Hands-on: Significance of a peak (the 750 GeV resonance)¶

In this exercise we would like to test a theory predicting a new particle, with mass 750 GeV, which decays into a pair of photons. We have collected a data sample of 1000 photon pairs in the invariant mass range $500$-$1000\,\mathrm{GeV}$ measured in proton-proton collisions at the LHC. Theory predicts that 30 of these events are signal event from the decay of the new particle. Due to energy resolution the signal events follow a Gaussian distribution around $m = 750\,\mathrm{GeV}$ with a width of 30 GeV. In the considered mass range the background can be described by the probability density function $f_\mathrm{bck}(m) = \frac{1}{\xi} \exp(-\frac{m-m_\min}{\xi})$ with $\xi = 100\,\mathrm{GeV}$ and $m_\min = 500\,\mathrm{GeV}$.
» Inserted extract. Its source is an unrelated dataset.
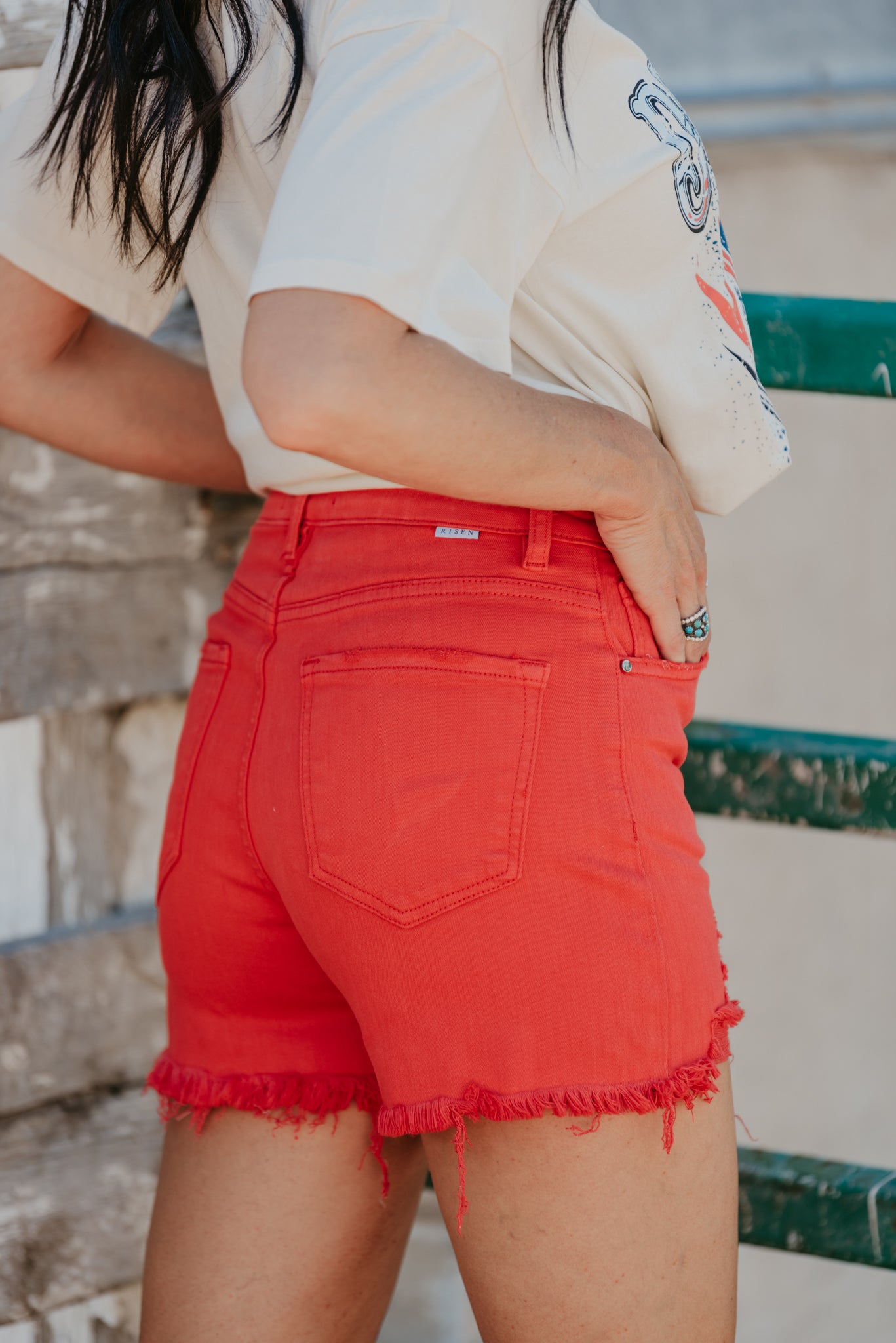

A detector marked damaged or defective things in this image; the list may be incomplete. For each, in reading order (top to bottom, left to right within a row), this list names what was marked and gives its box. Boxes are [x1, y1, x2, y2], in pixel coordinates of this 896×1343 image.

peeling green paint [741, 294, 896, 397]
peeling green paint [688, 725, 896, 827]
peeling green paint [736, 1150, 896, 1262]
The first step consists in choosing a test statistic. For this exercise, we will use the logarithm of the likelihood ratio (according to the Neyman–Pearson lemma):

$$ \ln Q(\{x\}) = \ln \frac{L(\{x\}|H_1)}{L(\{x\}|H_0)} $$

where $L$ are likelihood functions, $H_0$ is the background-only hypothesis (null hypothesis) and $H_1$ is the background-plus-signal hypothesis.
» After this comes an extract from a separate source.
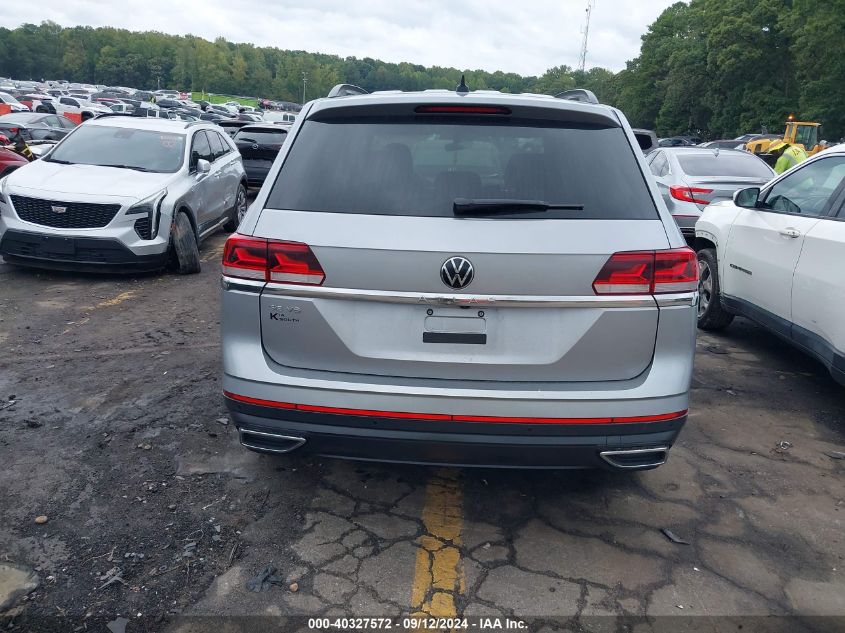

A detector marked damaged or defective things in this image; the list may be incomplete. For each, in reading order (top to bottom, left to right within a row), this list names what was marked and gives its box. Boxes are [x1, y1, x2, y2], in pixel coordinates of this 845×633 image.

cracked asphalt [0, 233, 840, 632]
Step1: We create a pdf for the background-only model and one for the brackground-plus-signal model (both normalised).¶

from scipy.stats import expon, norm

bkg = expon.freeze(loc=500, scale=100)
sig = norm.freeze(loc=750, scale=30)

import numpy as np
import matplotlib.pyplot as plt

m = np.linspace(500, 1000, 1000)
plt.plot(m, bkg.pdf(m), label='$H_0$')

def model(m, fsig):
    return (1-fsig)*bkg.pdf(m) + fsig*sig.pdf(m)
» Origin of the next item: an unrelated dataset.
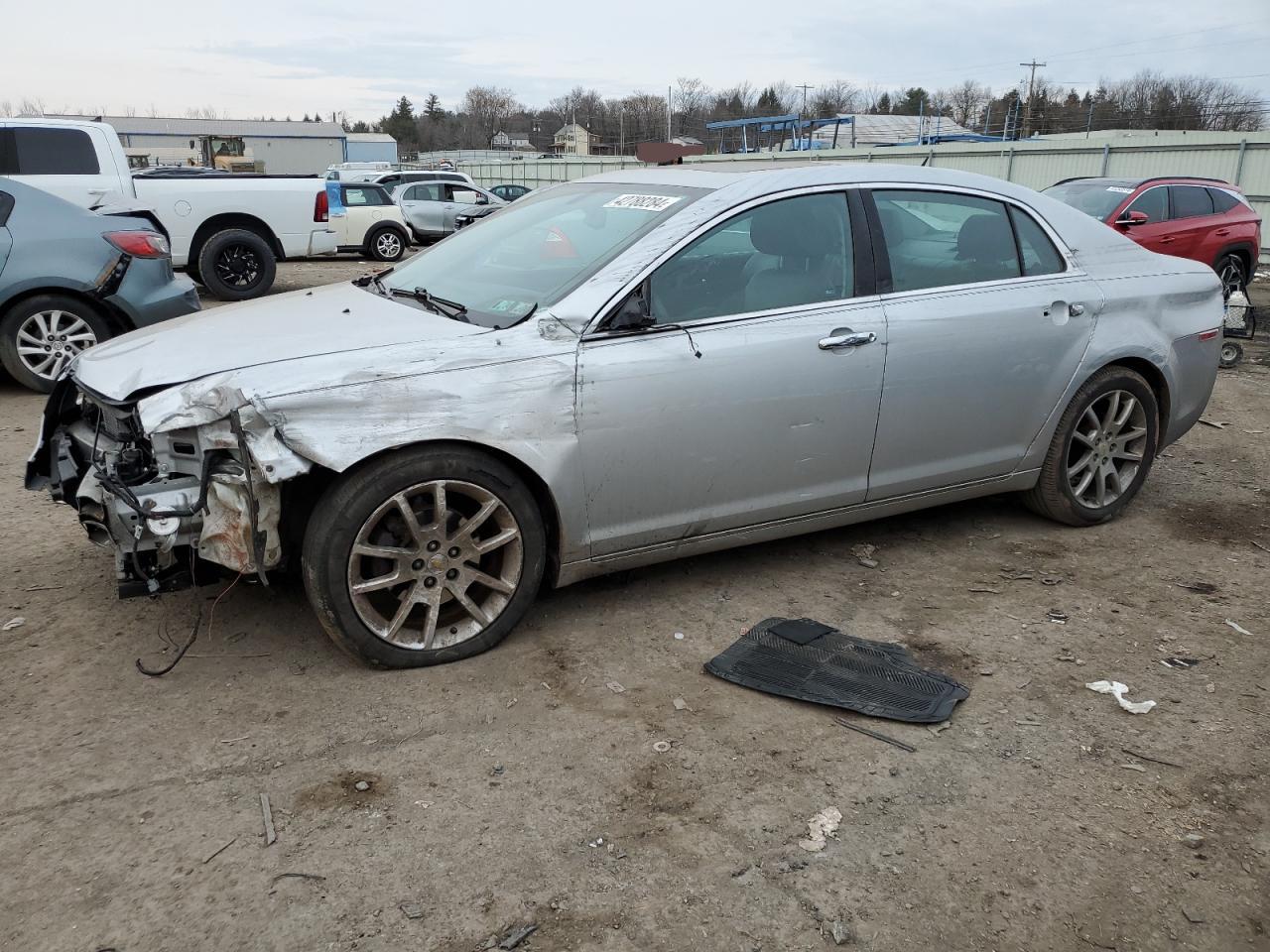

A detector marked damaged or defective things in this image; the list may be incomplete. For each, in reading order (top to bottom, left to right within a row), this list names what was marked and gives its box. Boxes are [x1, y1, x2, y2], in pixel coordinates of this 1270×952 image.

crumpled front end [26, 377, 310, 595]
damaged hood [70, 282, 486, 401]
crashed silver sedan [25, 164, 1222, 666]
plt.plot(m, model(m, 0.1), label='$H_1$')

plt.ylim(0, 0.010)
plt.xlim(500, 1000)
plt.legend()
plt.xlabel('$m(\gamma\gamma)$ [GeV]')
plt.ylabel('dp/dm');

Step 2: We create a function that returns the test statistic $\ln Q$ for a given dataset.¶

def LL(evts, nsig):
    fsig = nsig / len(evts)
    return np.sum(np.log(model(evts, fsig)))

def lnQ(evts, nsig):
    return LL(evts, nsig) - LL(evts, 0)

Step 3: We generate 1000 toy Monte Carlo (MC) simulations for $H_0$ and for $H_1$. For each simulation, generate 1000 events. We plot one simulation for $H_0$ and one for $H_1$ on the same canvas.¶

ntoys = 10000
lnQ_B = []
for i in range(ntoys):
    toy = bkg.rvs(1000)
    lnQ_B.append(lnQ(toy, 30))

lnQ_SB = []
for i in range(ntoys):
    toyB = bkg.rvs(1000-30)
    toyS = sig.rvs(30)
    toy = np.concatenate((toyS, toyB))
    lnQ_SB.append(lnQ(toy, 30))

toyBonly = bkg.rvs(1000)

toyB = bkg.rvs(1000-30)
toyS = sig.rvs(30)
toySB = np.concatenate((toyS, toyB))

plt.hist(toyBonly, bins=25, range=(500, 1000), histtype='step', label='$H_0$');
plt.hist(toySB, bins=25, range=(500, 1000), histtype='step', label='$H_1$');
plt.legend()
plt.xlabel('$m(\gamma\gamma)$ [GeV]')
plt.ylabel('events / (20 GeV)')
plt.xlim(500, 1000)

(500.0, 1000.0)

Step 4: For each toy MC, we calculate the test statistic and fill it in two histograms, one for $H_0$ and one for $H_1$. Plot the histograms on the same figure to compare them.¶

pltopts = dict(bins=40, range=(-15, 15), alpha=0.5)
plt.hist(lnQ_B, **pltopts, label='B');
plt.hist(lnQ_SB, **pltopts, label='S+B');
plt.legend()
plt.xlabel("test statistic lnQ");

Step 5. For this exercise, we will use a test size $\alpha = 5\%$. We determine the critical test statistic and draw a line for where it is in the histogram above.¶

# test rule: the null hypothesis will be rejected if we observe t in the critical region t > tc
# alpha is the probability to reject H0 although it is actually true

# tc = np.sort(lnQ_B)[int(0.95*len(lnQ_B))]
tc = np.percentile(lnQ_B, 95)
print(f'the critical test statistic is tc = {tc}')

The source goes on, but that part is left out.